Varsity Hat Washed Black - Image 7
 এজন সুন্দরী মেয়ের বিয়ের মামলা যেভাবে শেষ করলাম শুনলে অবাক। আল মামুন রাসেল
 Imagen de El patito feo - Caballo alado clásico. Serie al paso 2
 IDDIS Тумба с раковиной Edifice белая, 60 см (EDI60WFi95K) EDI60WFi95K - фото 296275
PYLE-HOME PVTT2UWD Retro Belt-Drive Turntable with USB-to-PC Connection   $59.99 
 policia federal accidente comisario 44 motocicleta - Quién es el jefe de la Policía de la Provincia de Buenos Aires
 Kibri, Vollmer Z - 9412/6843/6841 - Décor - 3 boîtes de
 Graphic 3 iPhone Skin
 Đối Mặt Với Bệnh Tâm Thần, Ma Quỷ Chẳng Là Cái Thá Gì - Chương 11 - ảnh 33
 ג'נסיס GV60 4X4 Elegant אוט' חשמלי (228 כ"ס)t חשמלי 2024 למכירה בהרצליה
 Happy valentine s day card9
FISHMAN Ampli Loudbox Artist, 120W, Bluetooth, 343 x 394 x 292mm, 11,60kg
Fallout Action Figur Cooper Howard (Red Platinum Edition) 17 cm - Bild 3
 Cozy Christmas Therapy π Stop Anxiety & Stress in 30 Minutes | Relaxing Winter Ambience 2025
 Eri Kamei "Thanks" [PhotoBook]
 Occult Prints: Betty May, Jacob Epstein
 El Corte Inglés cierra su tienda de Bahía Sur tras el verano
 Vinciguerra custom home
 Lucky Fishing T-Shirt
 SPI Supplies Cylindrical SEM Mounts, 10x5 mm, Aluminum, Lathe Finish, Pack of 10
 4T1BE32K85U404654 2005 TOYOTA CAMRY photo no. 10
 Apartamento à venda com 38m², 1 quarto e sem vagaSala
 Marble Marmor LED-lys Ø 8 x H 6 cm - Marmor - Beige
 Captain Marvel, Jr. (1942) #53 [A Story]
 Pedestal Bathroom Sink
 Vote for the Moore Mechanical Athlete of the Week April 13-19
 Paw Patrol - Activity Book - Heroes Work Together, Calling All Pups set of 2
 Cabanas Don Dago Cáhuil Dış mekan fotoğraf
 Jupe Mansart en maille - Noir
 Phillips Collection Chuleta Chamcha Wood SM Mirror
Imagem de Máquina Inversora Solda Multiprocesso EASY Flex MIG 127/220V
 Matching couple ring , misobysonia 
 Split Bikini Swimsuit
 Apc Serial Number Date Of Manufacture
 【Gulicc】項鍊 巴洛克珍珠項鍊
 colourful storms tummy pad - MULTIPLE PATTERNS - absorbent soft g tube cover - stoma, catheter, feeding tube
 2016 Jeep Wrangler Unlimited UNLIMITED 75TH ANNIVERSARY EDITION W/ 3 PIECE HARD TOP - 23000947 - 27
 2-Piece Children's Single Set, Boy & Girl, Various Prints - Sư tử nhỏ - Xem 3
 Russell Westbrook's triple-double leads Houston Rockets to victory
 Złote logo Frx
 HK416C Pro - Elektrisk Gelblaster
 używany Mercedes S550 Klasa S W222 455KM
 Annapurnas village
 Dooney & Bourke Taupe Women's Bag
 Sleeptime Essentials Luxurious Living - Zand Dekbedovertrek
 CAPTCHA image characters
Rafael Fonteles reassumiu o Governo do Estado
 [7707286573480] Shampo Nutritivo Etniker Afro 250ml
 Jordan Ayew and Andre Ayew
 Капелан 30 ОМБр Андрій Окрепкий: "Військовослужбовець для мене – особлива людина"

====

■ **Directions for this task**
In the entries above, restate word for word the lines between the one holding "Apartamento à venda" and the one holding "Paw Patrol - Activity", inclusive, and nothing besides.

■ **Answer section**
 Apartamento à venda com 38m², 1 quarto e sem vagaSala
 Marble Marmor LED-lys Ø 8 x H 6 cm - Marmor - Beige
 Captain Marvel, Jr. (1942) #53 [A Story]
 Pedestal Bathroom Sink
 Vote for the Moore Mechanical Athlete of the Week April 13-19
 Paw Patrol - Activity Book - Heroes Work Together, Calling All Pups set of 2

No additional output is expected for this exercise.